Mercredi, Soumaïla Baradji, le seul à s’exprimer, a nié avoir ciblé des Juifs, jurant avoir choisi le pavillon « par hasard ». Mireille Pinto s’est, elle, employée à convaincre la magistrate que cette version ne tient pas. « Nous sommes connus comme Juifs dans la rue, a-t-elle martelé. On a reçu beaucoup de personnalités de la communauté, qui étaient accompagnées de gardes du corps. Dès que vous entrez chez nous, vous ne pouvez faire abstraction de notre confession. Ils se sont dit que nous avions un coffre, de l’argent, et c’est pour ça qu’ils ont attendu qu’on rentre de vacances pour nous cambrioler. »

À l’issue de la confrontation, Marc Bensimhon, l’avocat des Pinto, a été invité par la juge à rédiger une note afin d’expliquer, selon lui, pourquoi cette affaire est emblématique de ce qu’il appelle « l’antisémitisme de clichés » ou « l’antisémitisme crasse ». Pour ses clients, il y a là une évidence : « C’est la maison des Juifs qui a été ciblée et pas un pavillon parmi d’autres. » Tous trois ne comprennent pas bien pourquoi cette circonstance n’a toujours pas été retenue.

Si elle en vient presque à douter de la justice, la retraitée rend hommage au travail des policiers.
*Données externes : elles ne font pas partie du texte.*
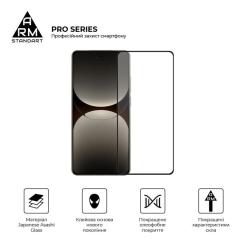 Стекло защитное Armorstandart Pro Realme GT 7 Black Фото 1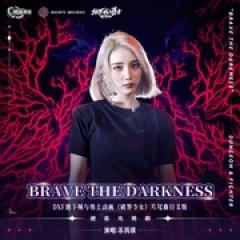 地下城与勇士之破界少女 - p1770088429891594705.jpg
Ils ont exploité les bandes de vidéosurveillance, procédé à des écoutes téléphoniques, exhumé des traces ADN. En 2017, deux semaines après les faits, un témoin anonyme a dénoncé un certain Antony Youssef, né à Fresnes (Essonne) en 1967, qui se serait vanté d’avoir commandité l’attaque et de l’avoir confiée à « trois Africains ». Ignorant être placé sur écoute, cet homme au casier judiciaire bien rempli a assuré aux trois cambrioleurs présumés qu’il craignait qu’une certaine Amel les dénonce. C’est elle que l’on devine sur les images de vidéosurveillance de la banque dans laquelle l’équipe a retiré de l’argent avec la carte bancaire des Pinto. On y aperçoit la plaque d’immatriculation d’une voiture dans laquelle ont été décelées les traces ADN de Youssef, le présumé commanditaire, d’Amel, 20 ans à peine, et de Soumaïla.

L’enquête a également établi que ce dernier avait cherché sur Internet la valeur des montres volées aux Pinto et a mis au jour l’empreinte d’une de ses Nike, retrouvée… dans sa cellule. Incarcéré deux jours après la séquestration dans un autre dossier, Youssef a d’abord tenté de se faire passer pour un simple chauffeur. Condamnée à quatre mois de prison pour un autre vol, Amel a craqué et dénoncé le receleur de Bondy à qui elle a vendu les bijoux. Un des colliers de Mireille Pinto ainsi qu’un pendentif et son alliance ont pu y être retrouvés. Une bien maigre consolation.